## Exercise objective
Below are records; transcribe only the line with "Süsses Babykleid mit" and those after it, through the last line, without any change.

** Given information follows **

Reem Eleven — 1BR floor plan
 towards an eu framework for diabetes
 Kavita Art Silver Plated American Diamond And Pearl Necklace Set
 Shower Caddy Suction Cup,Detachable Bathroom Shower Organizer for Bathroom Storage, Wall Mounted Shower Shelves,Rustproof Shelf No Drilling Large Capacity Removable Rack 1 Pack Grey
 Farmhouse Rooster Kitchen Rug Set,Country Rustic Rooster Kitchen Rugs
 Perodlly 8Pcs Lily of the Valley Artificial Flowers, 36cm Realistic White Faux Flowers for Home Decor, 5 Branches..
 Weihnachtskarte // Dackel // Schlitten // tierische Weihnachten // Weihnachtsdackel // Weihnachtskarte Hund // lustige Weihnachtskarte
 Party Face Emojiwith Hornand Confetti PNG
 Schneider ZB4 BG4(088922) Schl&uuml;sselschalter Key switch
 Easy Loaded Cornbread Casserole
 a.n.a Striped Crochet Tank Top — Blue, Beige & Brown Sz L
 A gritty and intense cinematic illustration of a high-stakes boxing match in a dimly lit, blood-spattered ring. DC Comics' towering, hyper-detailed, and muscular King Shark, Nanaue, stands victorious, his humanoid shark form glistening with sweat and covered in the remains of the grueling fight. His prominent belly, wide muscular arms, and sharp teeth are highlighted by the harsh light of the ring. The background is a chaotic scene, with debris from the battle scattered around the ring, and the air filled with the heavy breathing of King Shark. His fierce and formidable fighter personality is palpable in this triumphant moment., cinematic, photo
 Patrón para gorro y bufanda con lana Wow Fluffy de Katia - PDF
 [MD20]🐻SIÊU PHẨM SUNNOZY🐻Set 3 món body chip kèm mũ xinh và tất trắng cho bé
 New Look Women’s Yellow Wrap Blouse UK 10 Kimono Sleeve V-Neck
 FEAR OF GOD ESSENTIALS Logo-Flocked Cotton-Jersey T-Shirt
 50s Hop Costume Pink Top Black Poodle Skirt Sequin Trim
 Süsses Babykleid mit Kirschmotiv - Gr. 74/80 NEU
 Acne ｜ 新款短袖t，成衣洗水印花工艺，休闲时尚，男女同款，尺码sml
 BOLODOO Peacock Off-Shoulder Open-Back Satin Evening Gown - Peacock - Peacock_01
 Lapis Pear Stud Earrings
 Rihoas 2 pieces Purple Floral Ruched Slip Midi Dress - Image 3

** End of Given information **

## Exercise result
 Süsses Babykleid mit Kirschmotiv - Gr. 74/80 NEU
 Acne ｜ 新款短袖t，成衣洗水印花工艺，休闲时尚，男女同款，尺码sml
 BOLODOO Peacock Off-Shoulder Open-Back Satin Evening Gown - Peacock - Peacock_01
 Lapis Pear Stud Earrings
 Rihoas 2 pieces Purple Floral Ruched Slip Midi Dress - Image 3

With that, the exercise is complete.